Would you please repeat, word for word, only the lines from the one holding "Adjustable Drip Irrigation" through the one holding "China brass Geomantic" in the material below, without the pictures?

..........

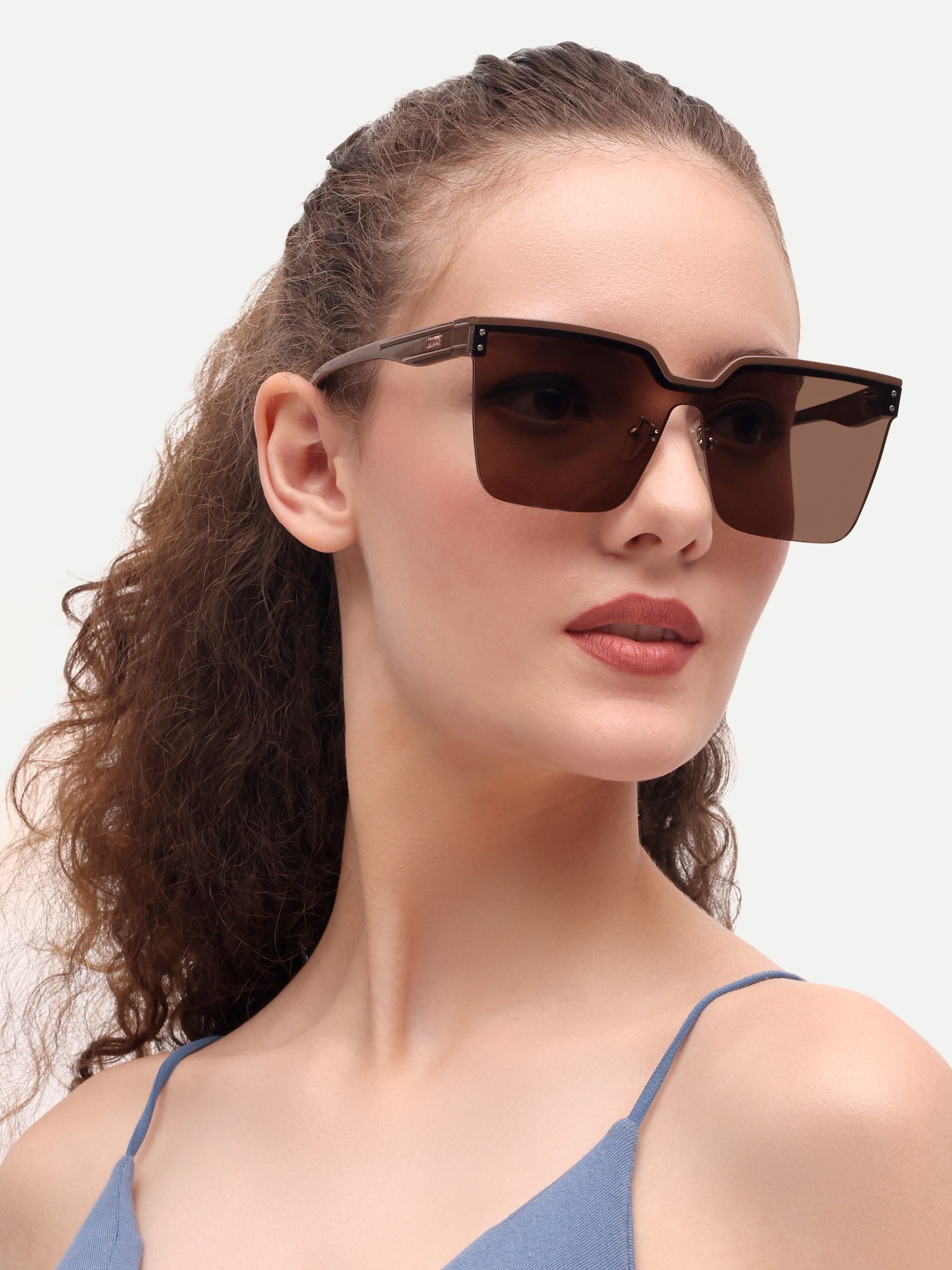 Brown Oversize Women UV Protected Sunglasses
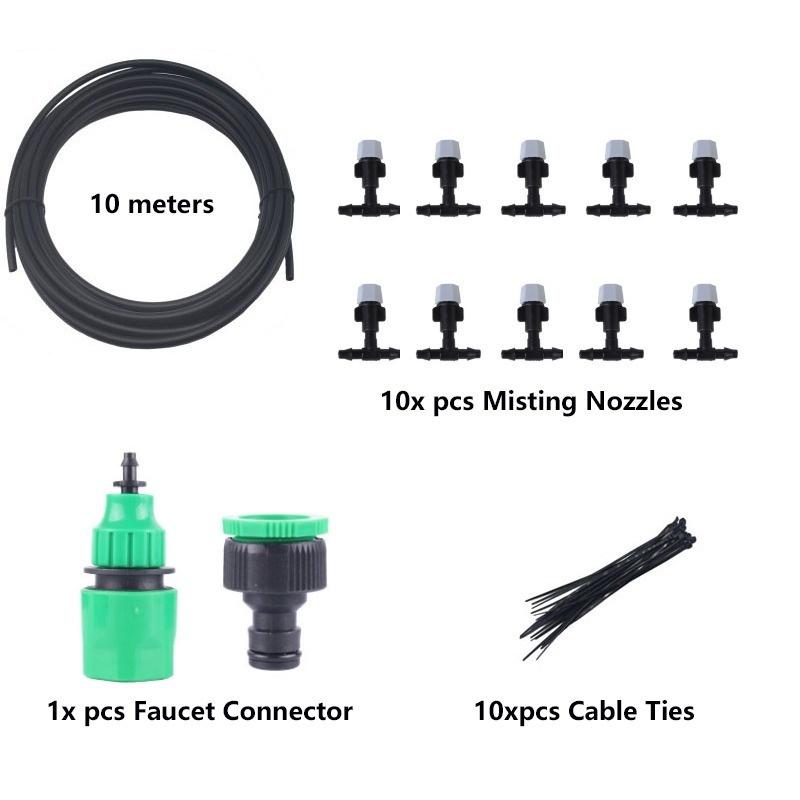 Adjustable Drip Irrigation System – 33 ft Hose with 10 Nozzles – Automatic Plant Watering for Garden Greenhouse & Patio | Thomler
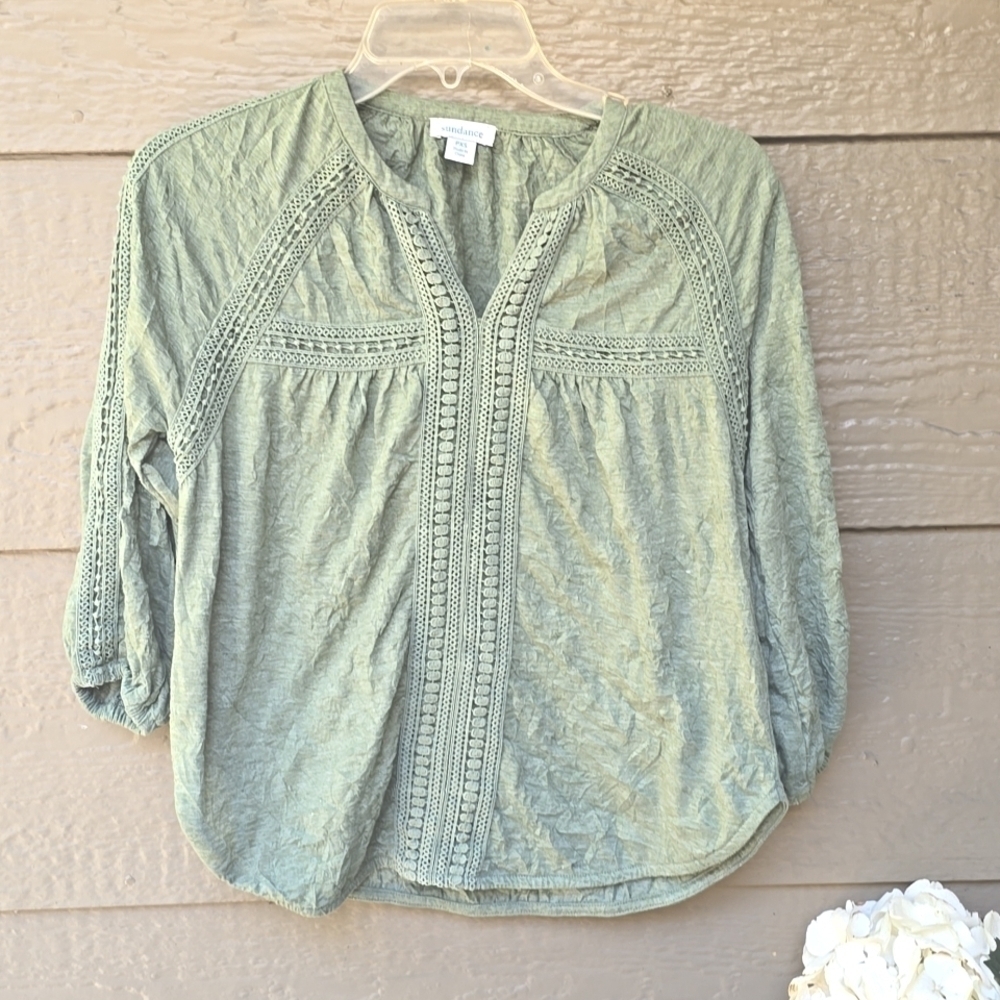Sundance Romance Crinkle Textured Top Crochet Lace V-neck Raglan Sleeves PXS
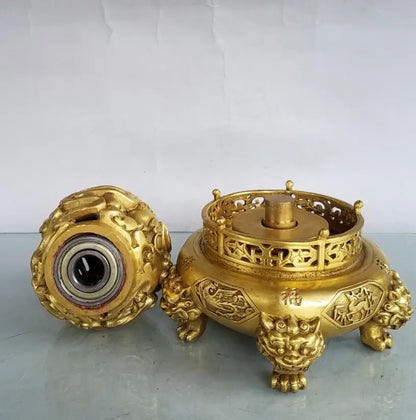 China brass Geomantic omen recruit wealth lion crafts statue
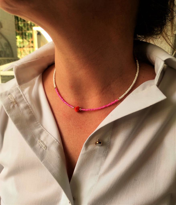 Tükkan Accessories Gold Kaplama Turuncu Taş Detay Pembe-Beyaz Boncuk Kolye-0Kol96 Tükkan Accessories Gold Kaplama Turuncu Taş Detay Pembe-Beyaz Boncuk Kolye-0Kol96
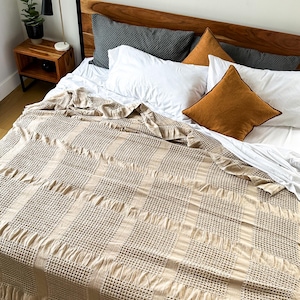 Waffle Blanket Throw in Various Colors, Blankets for Gift, Waffle Bed Cover, Soft Cotton Bed Blanket, Gifts for Fall, Christmas Gift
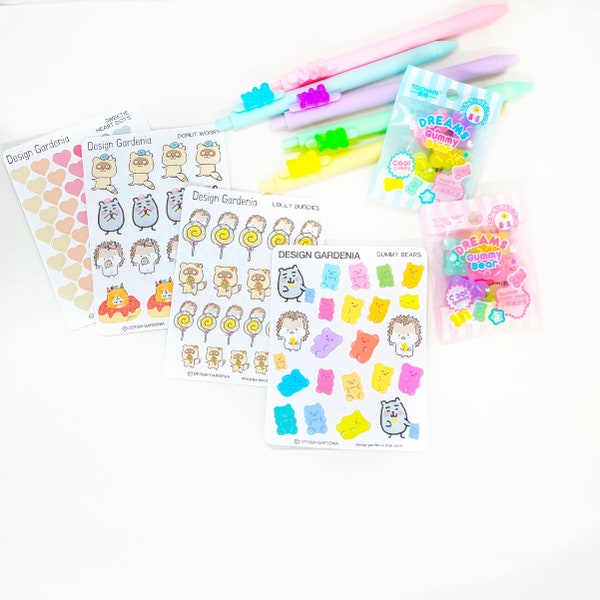 Sweet Candy Bear Papelería Grab Bag Kid Gift Gummy Pen Planner Sticker Care Pack Regalo de cumpleaños Bullet Journal Bujo Plan Diary Friend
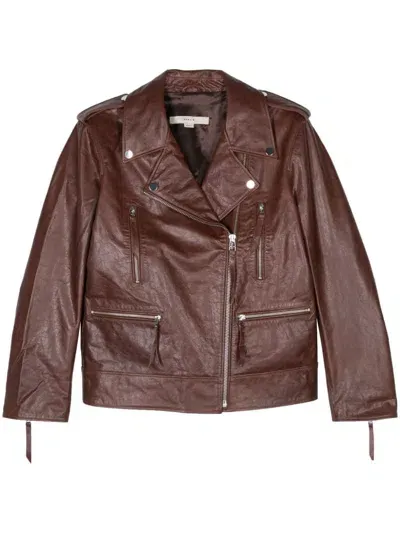 Remain Leather Biker Jacket In Brown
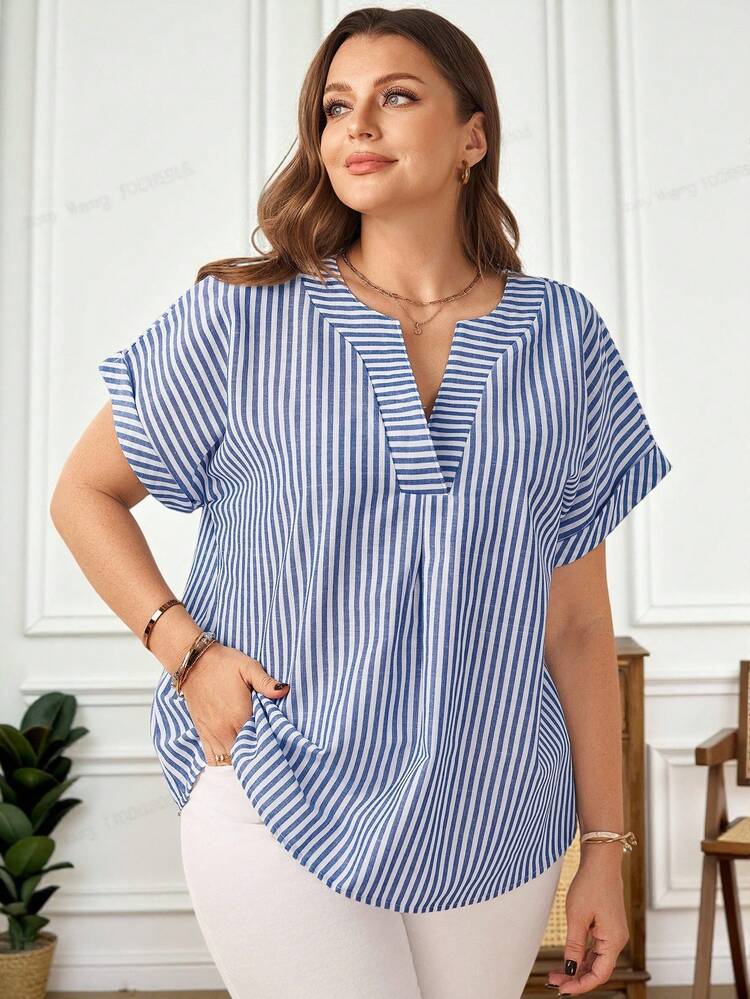 Plus Size Women's Summer Casual Vacation Country  Blue & White Striped Patchwork  V Neck Short Sleeve Blouse Top Shirt,Summer\Vacation,Summer Holiday,Spring Break Outfits ,Vacation Outfits Women ,Holiday Outfits For Women,Going Out Outfits,2026 New Clothes,Simple And Fashionable For Everyday Wear,Suitable For Summer, Vacation, Daily Wear, Women Summer Shirts, Summer Casual Tops, Blouses For Women Summer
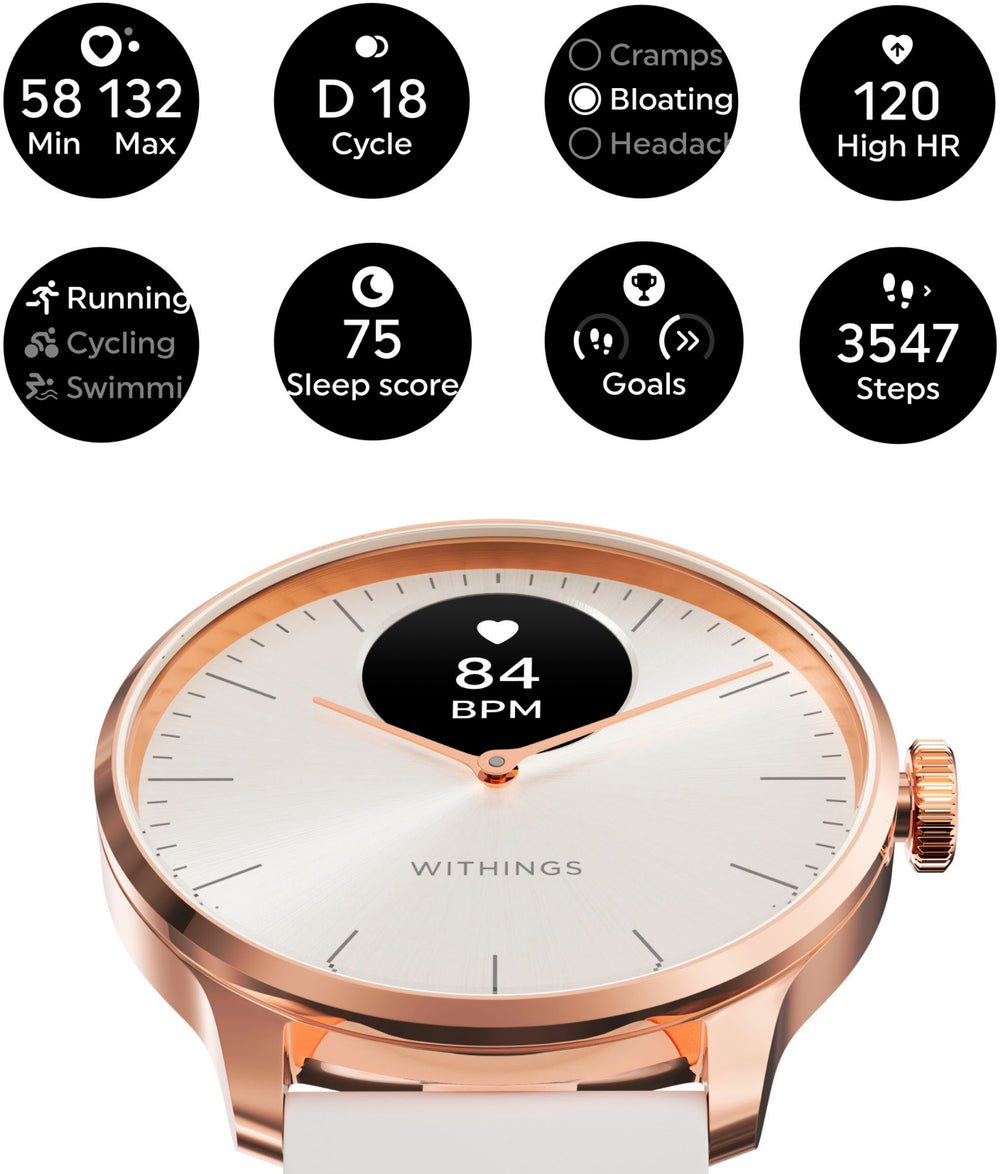Withings - ScanWatch Light -  Daily Health Hybrid Smartwatch - 37mm - Sand/Rose Gold_1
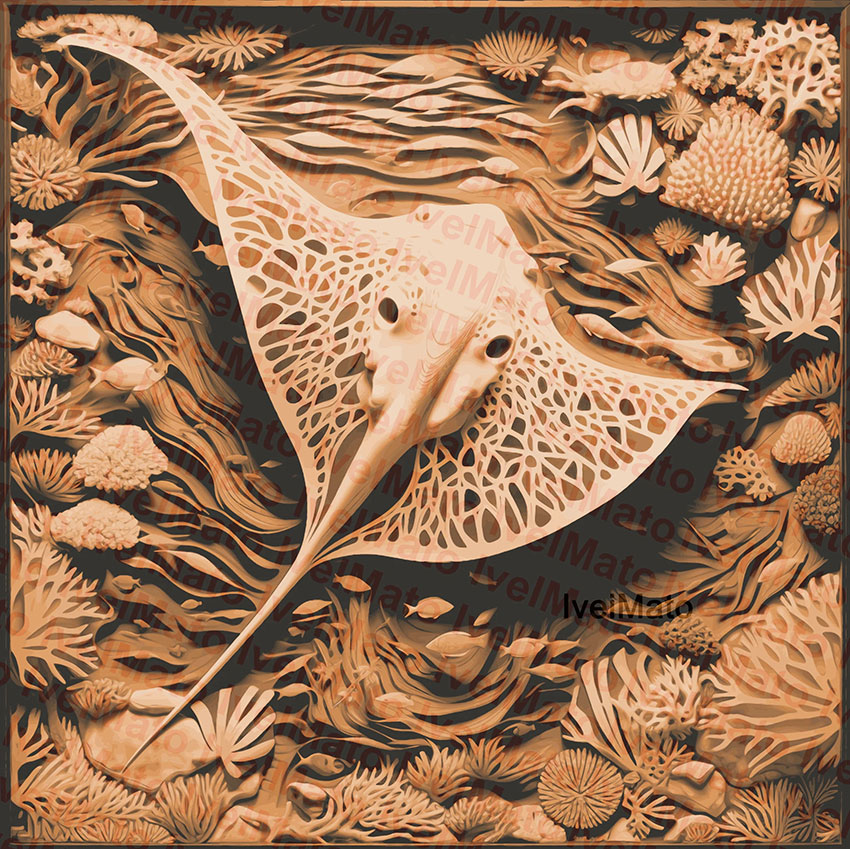 Manta Ray Laser Engraving PNG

..........

- **OUTPUT OF THE TASK**
 Adjustable Drip Irrigation System – 33 ft Hose with 10 Nozzles – Automatic Plant Watering for Garden Greenhouse & Patio | Thomler
Sundance Romance Crinkle Textured Top Crochet Lace V-neck Raglan Sleeves PXS
 China brass Geomantic omen recruit wealth lion crafts statue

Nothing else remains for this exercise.